I assume it can be done with De Morgan's rules
my question is : Am I correct? and how can it be proved ?
EDIT clarification about reduction
this learning problem can be reduced to learning monomials. That is, you can use the monomial learning algorithm (as is) to solve this problem
Suppose you want to learn a $2$-CNF over features $x_1, x_2, x_3, x_4$. There are quadratically many clauses with $2$ literals:
$$ (x_1 \vee x_1), (x_1 \vee \neg x_1), (\neg x_1 \vee \neg x_1), (x_1 \vee x_2), \ldots, (\neg x_4 \vee \neg x_4) \enspace. $$
Some of these clauses are tautologies (e.g., $x_1 \vee \neg x_1$) and you need at most one of them, but the total number is still quadratic. More generally, for $k$-CNF, the number of clauses is bounded by $(2n)^k$, where $n$ is the number of features. The factor of $2$ comes from the positive and negative literal.

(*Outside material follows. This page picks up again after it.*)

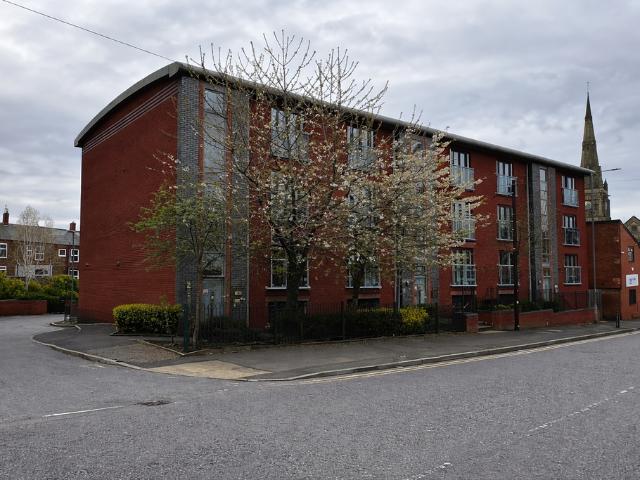 Flat for sale in Hurst, Greenheys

Introduce a new variable for each possible clause. A simple way to denote name such variables is to use the clause they correspond to as a subscript:
$$ x_1 \vee \neg x_3 \text{ corresponds to } y_{x_1 \vee \neg x_3} \enspace. $$
This notation makes it clear that we have a bijection.
Then it is a simple matter to associate a monomial in the $y$ variables to a given $k$-CNF formula. For example,
$$ (x_2 \vee \neg x_3) \wedge (x_4 \vee x_4) $$
corresponds to
$$ y_{x_2 \vee \neg x_3} \wedge y_{x_4 \vee x_4} \enspace. $$
Once a monomial in the $y$ variables is learned, the corresponding $k$-CNF is derived by replacing each $y$ variable with the corresponding clause.
In the context of PAC learning, the size of the hypothesis space $H$ determines whether a concept is considered learnable. Specifically, $\log |H|$ has to be polynomial. For monomials of at most $n$ variables, $|H| = 3^n$, so that $\log|H| = n \log 3$ and all is well. For $k$-CNF, we get
$$ \log|H| = \log 3^{(2n)^k} = (2n)^k \log 3 \enspace. $$
This is where the fixed-$k$ assumption comes in, because for fixed $k$, $(2n)^k \log 3$ is a polynomial.